De baai van Kotor

Er zijn van die plekken waar je, alleen al na het zien van de ligging op de kaart, meteen heen wil. Kotor in Montenegro bijvoorbeeld. Een stadje in de punt van de baai Boka Kotorska, volgens sommige reisgidsen de diepste fjord van zuidelijk Europa. Deze in oorsprong Byzantijnse nederzetting zette zichzelf onder Venetiaanse bescherming wegens de constante dreiging van de Ottomanen.

De bus uit Dubrovnik heeft moeite om er te geraken. De weg naar Kotor is eerder een omweg, die in alle windrichtingen loopt, behalve rechtdoor. De grillige vorm van de fjord neemt mijn orientatiegevoel in de maling. De baai lijkt op een binnenmeer, dat voortdurend van vorm verandert naarmate de bus vordert. Kotor zit gevangen tussen de bergen en de zee. Veel stadsuitbreiding is hier gelukkig niet mogelijk.

We verlaten het marginale busstation en dwalen langs de kade op zoek naar een bed. In de haven blazen twee kanjers van luxe cruise-schepen de aftocht. We worden aangesproken door Branko, een man op leeftijd, die een kamer op overschot heeft. “You look for a room? I have. Many many tourist come. Yes yes! I speak correct, you know. You tourist. Nice room old city.” Tot zover Branko’s kennis van de Engelse taal.
Hij voert ons naar de noordingang van de oude stad. Zijn huis plakt tegen de bergflank. We krijgen een grote kamer mer krakende planken en gedateerd maar degelijk meubilair. Branko’s echtgenote is een nors manwijf. Branko is zelden thuis.
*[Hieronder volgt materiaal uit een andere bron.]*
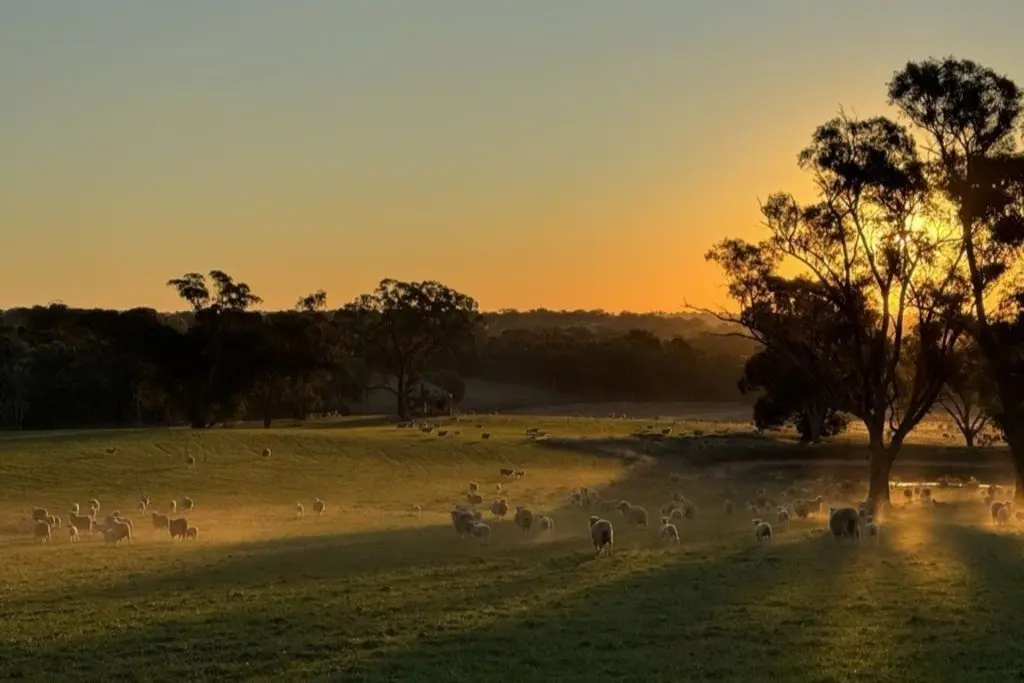 Sustainably Yours, The Hilltops Region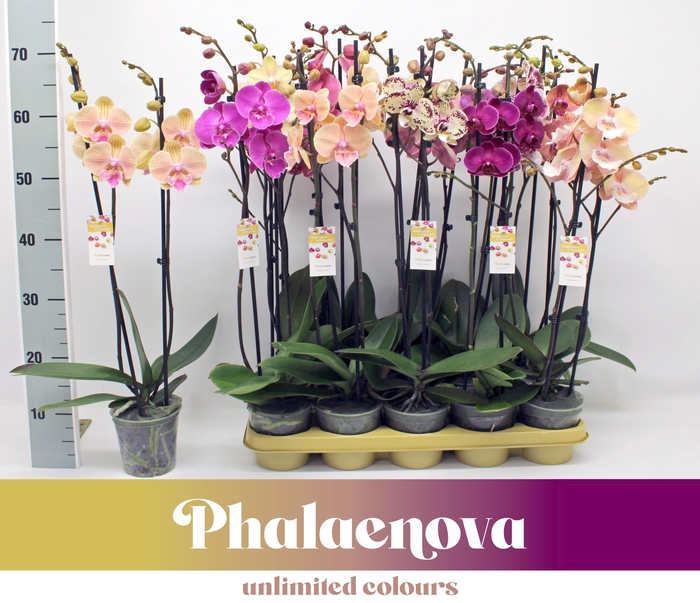 <h4>Gemengd 2-tak 70cm - NEW TYPES MIX</h4>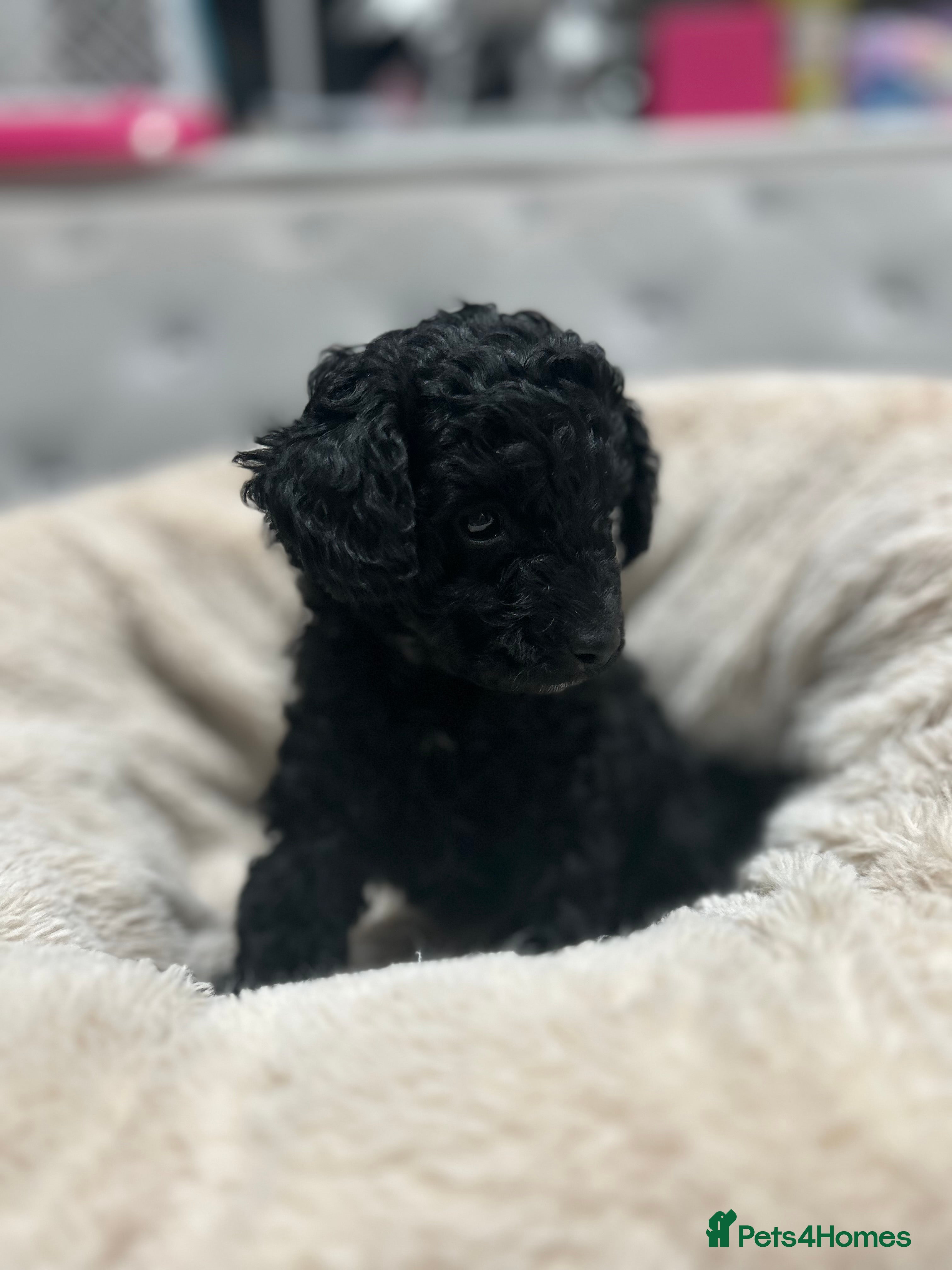 Cavapoo dogs Rare black toy cavapoo - Advert 1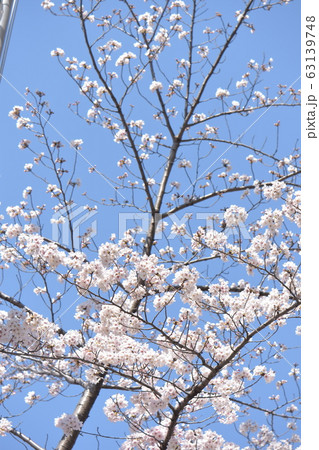 満開に咲いた名古屋城の桜 満開に咲いた名古屋城の桜 63139748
Kotor is een verademing na Dubrovnik. Eveneens ommuurd, eveneens door Unesco tot Werelderfgoed verklaard, maar veeleer op mensenmaat. Smalle steegjes verbinden de vele groene pleinen. Huizen en kerken staan schijnbaar geimproviseerd door elkaar. Er zijn cafeetjes met terrassen, er zijn kapsalons, kruideniers, bakkers en slagers. En er zijn straatkatten. Aan de Sint-Mariakerk tellen we er meer dan 20. Ze springen van de ene vuilniscontainer in de andere. Af en toe krijgen ze eten van Jovan, die er een Nike-winkel heeft. Hij heeft er eentje geadopteerd, Duschka, “zieltje”.

Tegenover Jovans winkel zit de ongetwijfeld meest funky kapperszaak van ex-Joegoslavie. De Unisex Hair Studio Bajlo lijkt weggeplukt uit de Antwerpse Kammenstraat.

Aan de hoofdpoort van de stad wachten kruiers met bakfietsen om koopwaar naar de winkels intra-muros te brengen. Alle gemotoriseerd verkeer is er verboden.

En het mooiste aan Kotor merk je pas als het donker wordt. Dan koelt het af en glimmen de benevelde stoeptegels bij het schaarse lantaarnlicht.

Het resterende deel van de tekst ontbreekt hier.